The subsequent evolution of this matter is determined by compression towards higher densities until electron capture on the hydrogen occurs .
We construct steady-state models of the electron captures and the subsequent neutron recombinations onto the heavy nuclei .
The density discontinuity from these captures gives rise to a new g-mode ( much like a surface wave ) , which has a lowest order ( l = 1 ) frequency of \approx 35 { Hz } ( X _ { r } / 0.1 ) ^ { 1 / 2 } on a slowly rotating ( f _ { s } \ll 30 { Hz } ) star .
We also discuss , for the first time , a new set of non-radial g-modes unique to these high accretion rate neutron stars .
These modes are “ trapped ” in the finite thickness layer where the electron captures are occurring .

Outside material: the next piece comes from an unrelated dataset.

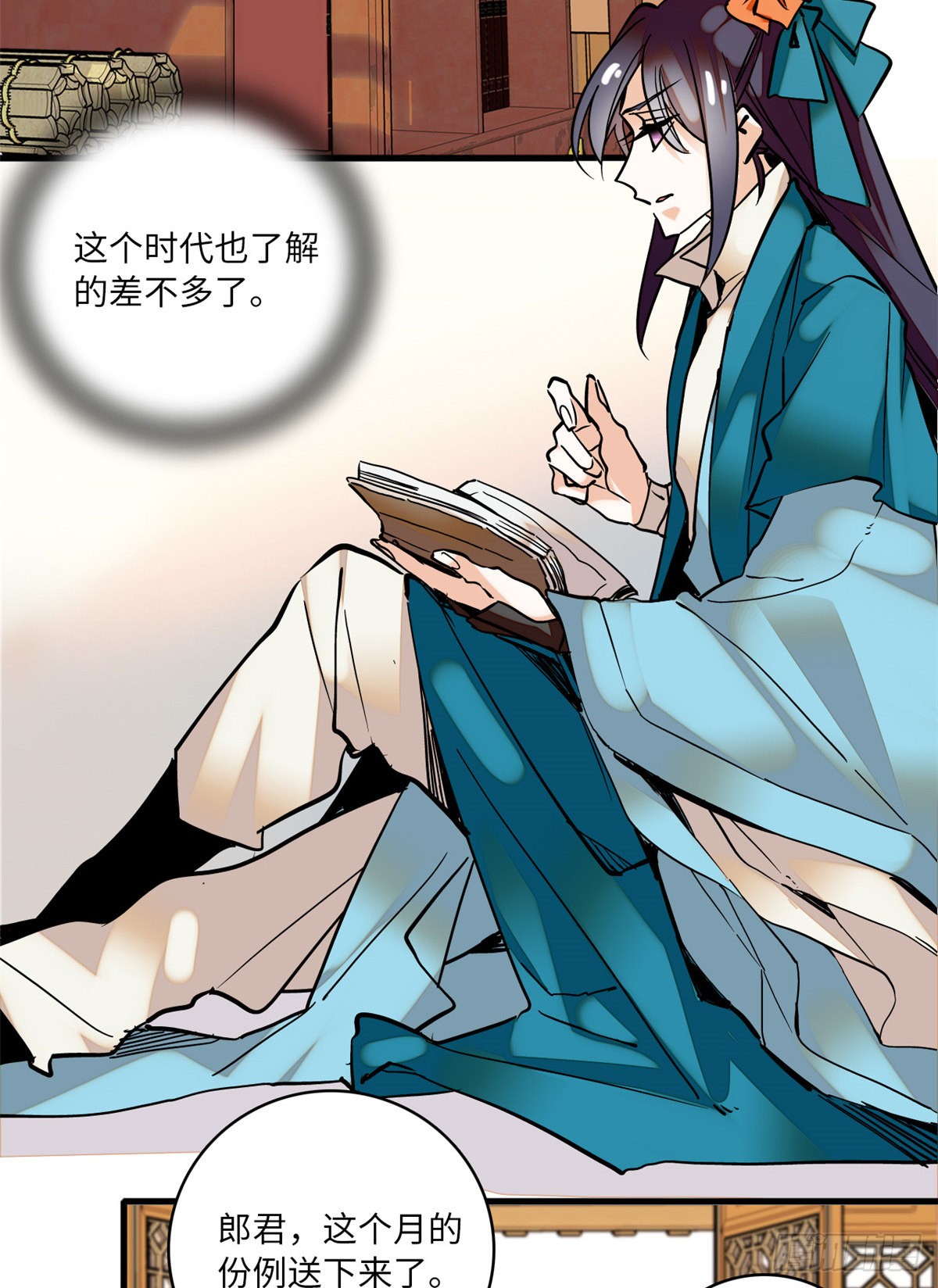 第14话 蝶夫人喜欢二郎君？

The lowest order mode frequencies are in the 1 - 10 { Hz } range for a few radial nodes on a slowly rotating star .
Though the majority of the mode energy resides in the electron capture transition layer , the eigenmode propagates to higher altitudes above the layer and can thus be potentially observable and excited by the nuclear burning or other mechanisms .

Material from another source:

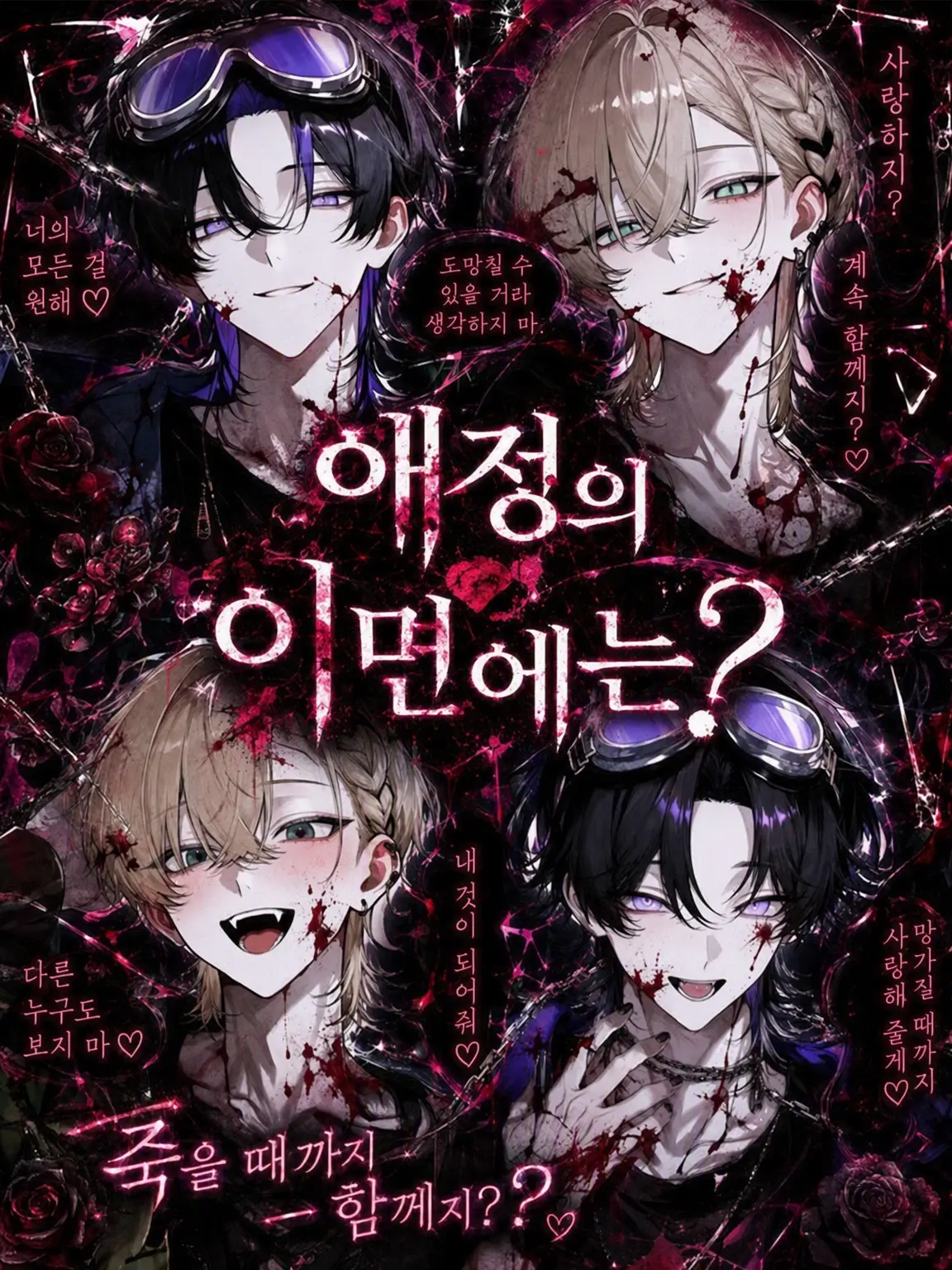 F0820의 애정의 이면에는?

We also show that the density jump splits the ocean ’ s thermal modes into two distinct sets , which have most of their energy either above or below the discontinuity .
We conclude by discussing how the dispersion relations for these modes are modified for a rapidly rotating ( f _ { s } \gg 30 { Hz } ) neutron star .
Whether any of these modes are observable depends on the damping mechanism and the ability to excite them , issues we will address in a future paper .